5/05/2006

Moussaoui

Peggy Noonan has a good piece on why the Moussaoui verdict was wrong. I tend to agree with her, although hearing about his expected confinement last night on the news leads me to think what he got will be pretty horrible, so maybe life is the right verdict; it's a complicated issue.

She raises a good point, though: "It is as if we've become sophisticated beyond our intelligence, savvy beyond wisdom. Some might say we are showing a great and careful generosity, as befits a great nation. But maybe we're just, or also, rolling in our high-mindedness like a puppy in the grass." I sometimes wonder if I am the only one who has noticed this.

Think about it the next time you are discussing some issue with someone. Questions that seem open and shut bring a thoughtful pause, "well, but have you thought about..." It seems as though the lack of moral or intellectual clarity is considered a virtuous sign of sophistication. Everything's a grey area, every question deeper than it looks. Or it's a situation where the other party to the discussion actually agrees with you, but adopts the pseudo-complexity, grey area position.

Say there is a rape in your community and, after the perpetrator is convicted, you comment that they ought to cut the guy's n*ts off. And your friend brings up some point raised at trial by the defense, "well you know, he was abused himself as a child." Your friend really agrees with you, but he or she thinks it sounds smart and sophisticated to buy into the complexity line.

By the way, the second sentence of this piece illustrates it too.

2 comments:

Treasure State Jew said...

For some decisions, you just have to trust the guy in the room.

I happen to believe in the jury system. A jury of 12 citizens deliberated and decided Moussaoui's fate. It was a tough call, and those 12 people put their lives on hold for very little compensation to do their civic duty.
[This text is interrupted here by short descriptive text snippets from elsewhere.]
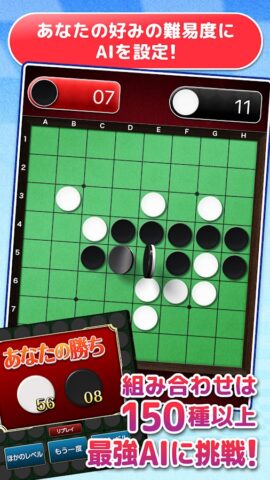 Othello for all для Android — скриншот 2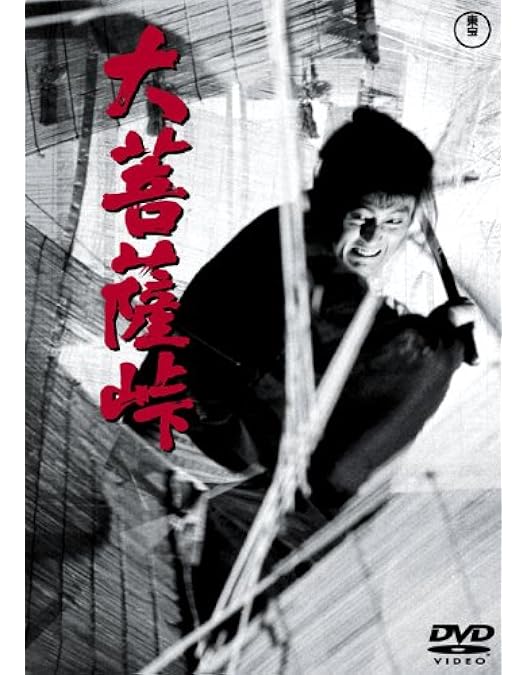 DVD喜八監督作品 岡本喜八監督未DVD化10作品 2022年10月19日・11月16日 東宝から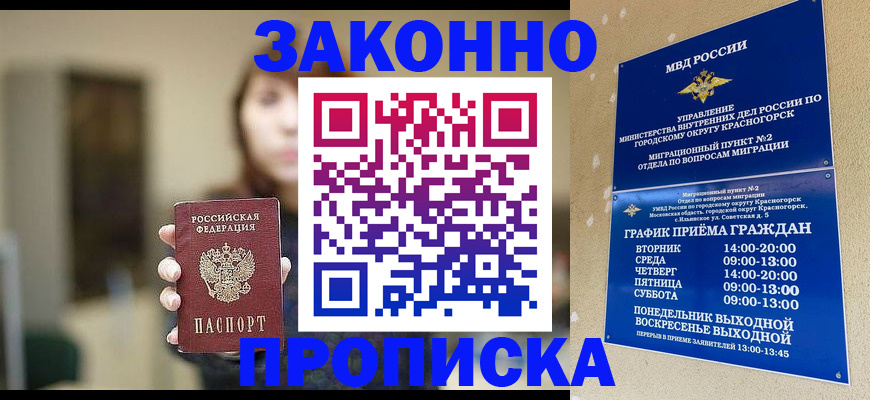 регистрация для школы в Магадане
I was not in the room, and feel uncomfortable criticizing their decision.

WolfPack said...

I think the jury system is greatly flawed. I used to think it was a great system until I sat as a juror on two murder trials. One in Seattle had members who openly disliked the defendant because he was Mexican and conviction was easy (right answer wrong reason). The other in North Carolina couldn't convict because the black jurors couldn’t find a black man guilty (ala OJ) and the vote split along racial lines. One black juror actually told us fellow jurors that the 911 tape had to have been altered because it was too incriminating; it recorded the murder shots along with the voices of those involved. There can be some real nuts in the jury box and you would be shocked to hear the legal version of how sausage is made.